Try it – Return the records exactly as they are.

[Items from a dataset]
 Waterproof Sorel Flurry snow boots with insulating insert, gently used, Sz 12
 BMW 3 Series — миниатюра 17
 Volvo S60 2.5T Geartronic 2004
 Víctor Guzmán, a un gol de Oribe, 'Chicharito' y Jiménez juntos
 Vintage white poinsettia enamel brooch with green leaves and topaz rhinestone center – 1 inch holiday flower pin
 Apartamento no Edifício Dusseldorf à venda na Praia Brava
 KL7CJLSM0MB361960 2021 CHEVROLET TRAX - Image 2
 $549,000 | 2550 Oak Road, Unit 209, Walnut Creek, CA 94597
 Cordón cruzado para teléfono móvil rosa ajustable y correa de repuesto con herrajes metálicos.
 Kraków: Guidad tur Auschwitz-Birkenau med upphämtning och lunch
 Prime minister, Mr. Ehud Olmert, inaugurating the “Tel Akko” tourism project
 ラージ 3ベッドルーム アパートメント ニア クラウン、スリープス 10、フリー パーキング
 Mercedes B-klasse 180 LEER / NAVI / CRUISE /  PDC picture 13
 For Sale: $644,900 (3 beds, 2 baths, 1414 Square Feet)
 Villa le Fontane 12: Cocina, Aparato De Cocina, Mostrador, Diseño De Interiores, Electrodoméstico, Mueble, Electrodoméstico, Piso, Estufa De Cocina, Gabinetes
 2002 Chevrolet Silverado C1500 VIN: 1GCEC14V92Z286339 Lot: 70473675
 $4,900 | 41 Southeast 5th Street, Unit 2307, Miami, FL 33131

Exercise output –
 Waterproof Sorel Flurry snow boots with insulating insert, gently used, Sz 12
 BMW 3 Series — миниатюра 17
 Volvo S60 2.5T Geartronic 2004
 Víctor Guzmán, a un gol de Oribe, 'Chicharito' y Jiménez juntos
 Vintage white poinsettia enamel brooch with green leaves and topaz rhinestone center – 1 inch holiday flower pin
 Apartamento no Edifício Dusseldorf à venda na Praia Brava
 KL7CJLSM0MB361960 2021 CHEVROLET TRAX - Image 2
 $549,000 | 2550 Oak Road, Unit 209, Walnut Creek, CA 94597
 Cordón cruzado para teléfono móvil rosa ajustable y correa de repuesto con herrajes metálicos.
 Kraków: Guidad tur Auschwitz-Birkenau med upphämtning och lunch
 Prime minister, Mr. Ehud Olmert, inaugurating the “Tel Akko” tourism project
 ラージ 3ベッドルーム アパートメント ニア クラウン、スリープス 10、フリー パーキング
 Mercedes B-klasse 180 LEER / NAVI / CRUISE /  PDC picture 13
 For Sale: $644,900 (3 beds, 2 baths, 1414 Square Feet)
 Villa le Fontane 12: Cocina, Aparato De Cocina, Mostrador, Diseño De Interiores, Electrodoméstico, Mueble, Electrodoméstico, Piso, Estufa De Cocina, Gabinetes
 2002 Chevrolet Silverado C1500 VIN: 1GCEC14V92Z286339 Lot: 70473675
 $4,900 | 41 Southeast 5th Street, Unit 2307, Miami, FL 33131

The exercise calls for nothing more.